▸ Task goal
Take the entries that follow and return only the lines from the one with "this 682×1024 image." through the final line, leaving every picture behind.

Input material START

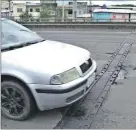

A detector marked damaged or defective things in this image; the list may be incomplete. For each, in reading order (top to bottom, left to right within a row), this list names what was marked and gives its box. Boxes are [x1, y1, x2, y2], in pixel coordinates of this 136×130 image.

cracked asphalt [1, 28, 135, 129]
damaged road surface [1, 29, 135, 129]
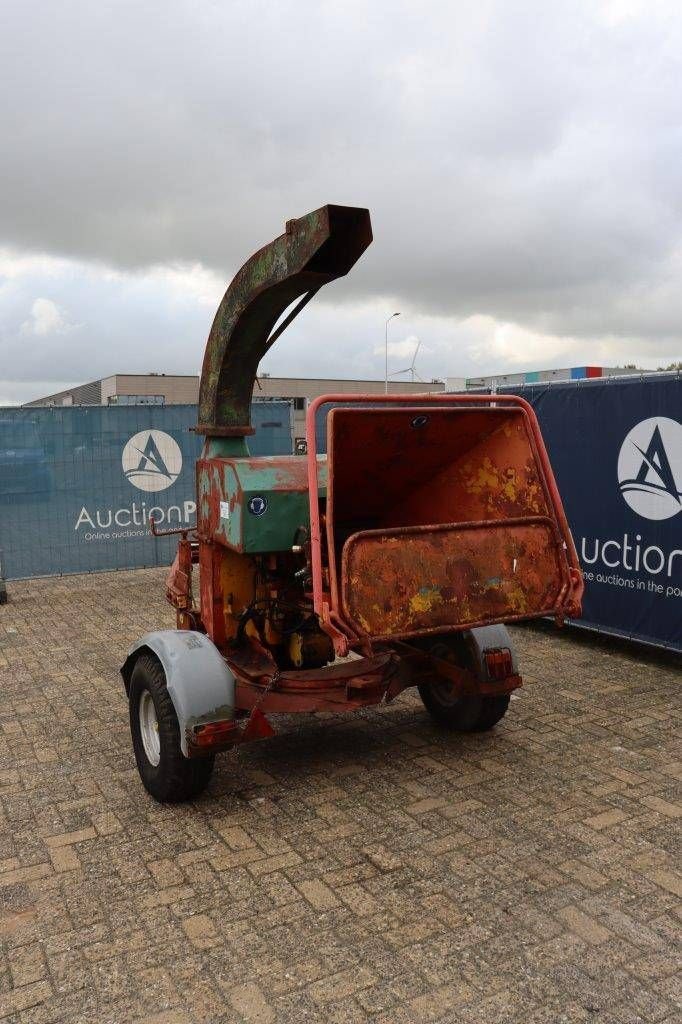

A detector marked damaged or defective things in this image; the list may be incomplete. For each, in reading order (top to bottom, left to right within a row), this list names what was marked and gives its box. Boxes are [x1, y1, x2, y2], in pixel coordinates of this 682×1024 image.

rusty discharge chute [196, 203, 372, 436]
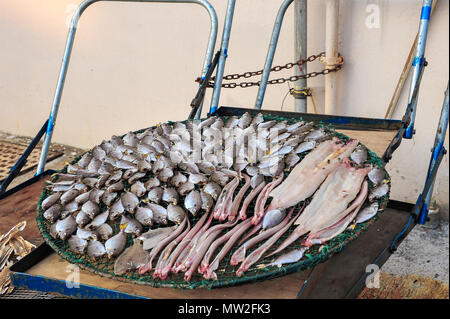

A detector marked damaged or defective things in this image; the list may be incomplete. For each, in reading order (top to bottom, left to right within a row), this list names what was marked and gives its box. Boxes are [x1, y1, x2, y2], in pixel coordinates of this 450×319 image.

rusty chain [193, 52, 344, 89]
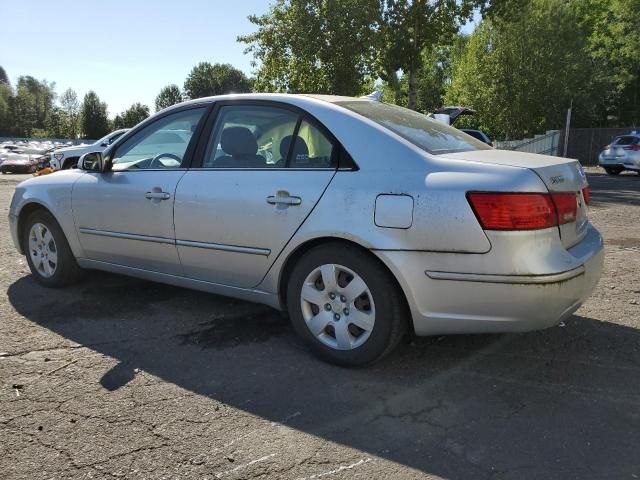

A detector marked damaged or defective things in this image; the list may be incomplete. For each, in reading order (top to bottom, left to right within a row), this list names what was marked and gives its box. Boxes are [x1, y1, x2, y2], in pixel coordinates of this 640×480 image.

cracked asphalt pavement [1, 169, 640, 476]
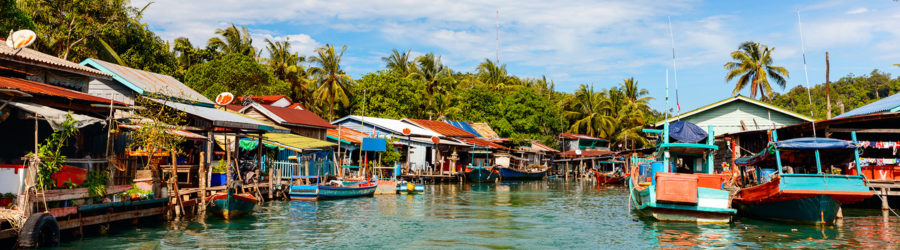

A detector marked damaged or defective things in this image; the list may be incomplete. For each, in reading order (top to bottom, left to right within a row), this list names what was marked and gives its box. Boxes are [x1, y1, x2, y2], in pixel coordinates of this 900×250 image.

rusty metal roof [0, 46, 111, 77]
rusty metal roof [0, 75, 126, 104]
rusty metal roof [80, 58, 214, 103]
rusty metal roof [326, 127, 370, 145]
rusty metal roof [404, 118, 478, 138]
rusty metal roof [472, 122, 500, 139]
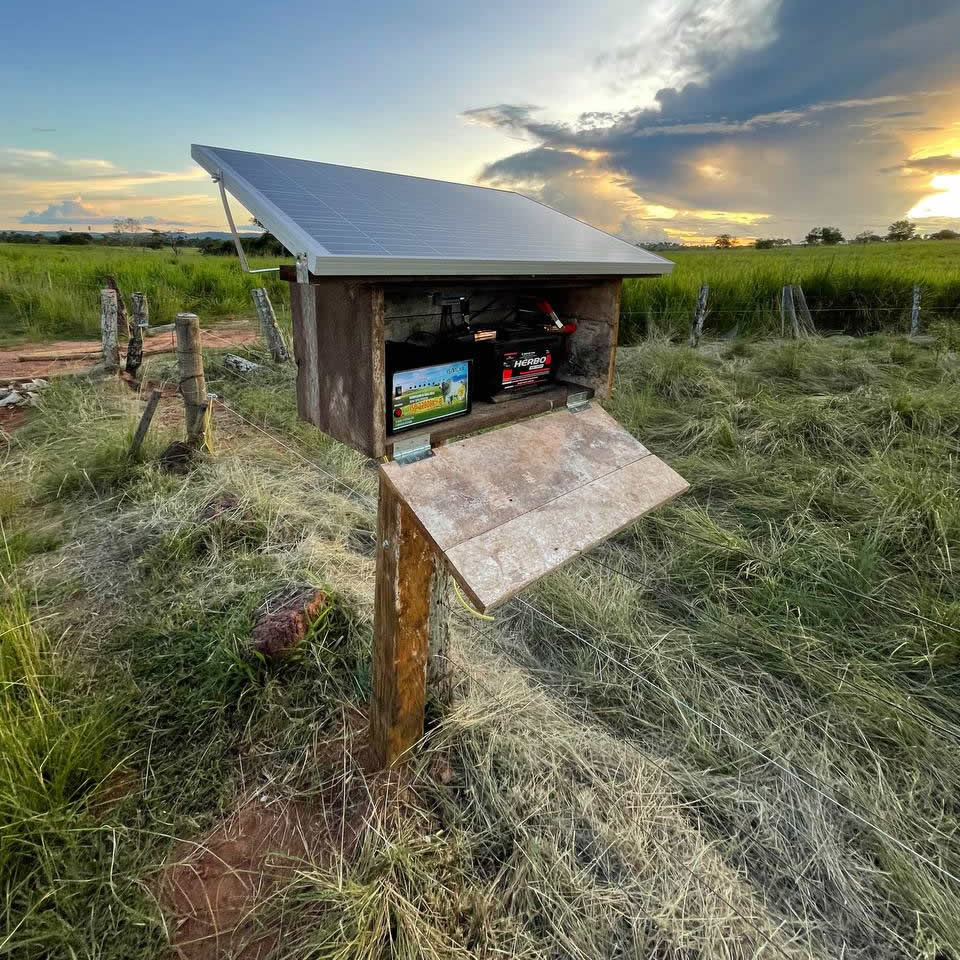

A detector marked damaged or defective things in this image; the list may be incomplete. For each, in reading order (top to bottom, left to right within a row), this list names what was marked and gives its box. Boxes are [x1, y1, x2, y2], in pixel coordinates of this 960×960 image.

rusted metal plate [378, 404, 688, 612]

Input material END

▸ Solved problem
A detector marked damaged or defective things in this image; the list may be incomplete. For each, in reading order (top to bottom, left to right within a row), this list names what was marked and gives its box. Boxes are [x1, y1, x2, y2], in pixel coordinates of this 682×1024 image.

rusty discharge chute [196, 203, 372, 436]

A detector marked damaged or defective things in this image; the list may be incomplete. For each, in reading order (top to bottom, left to right within a row), this list names what was marked and gives its box. Boxes are [x1, y1, x2, y2], in pixel coordinates of this 450×319 image.

rusty chain [193, 52, 344, 89]

A detector marked damaged or defective things in this image; the list may be incomplete. For each, in reading order (top to bottom, left to right within a row), this list names what was marked and gives its box. Boxes are [x1, y1, x2, y2], in pixel coordinates of this 640×480 image.

cracked asphalt pavement [1, 169, 640, 476]

A detector marked damaged or defective things in this image; the list may be incomplete. For each, in reading order (top to bottom, left to right within a row), this list names what was marked and gives its box. Boxes are [x1, y1, x2, y2], in pixel coordinates of this 900×250 image.

rusty metal roof [0, 46, 111, 77]
rusty metal roof [0, 75, 126, 104]
rusty metal roof [80, 58, 214, 103]
rusty metal roof [326, 127, 370, 145]
rusty metal roof [404, 118, 478, 138]
rusty metal roof [472, 122, 500, 139]

A detector marked damaged or defective things in this image; the list may be incomplete. For each, in reading order (top to bottom, left to right within a row), this list names what was marked and gives its box. Boxes are [x1, y1, x2, y2], in pixel coordinates of this 960×960 image.

rusted metal plate [378, 404, 688, 612]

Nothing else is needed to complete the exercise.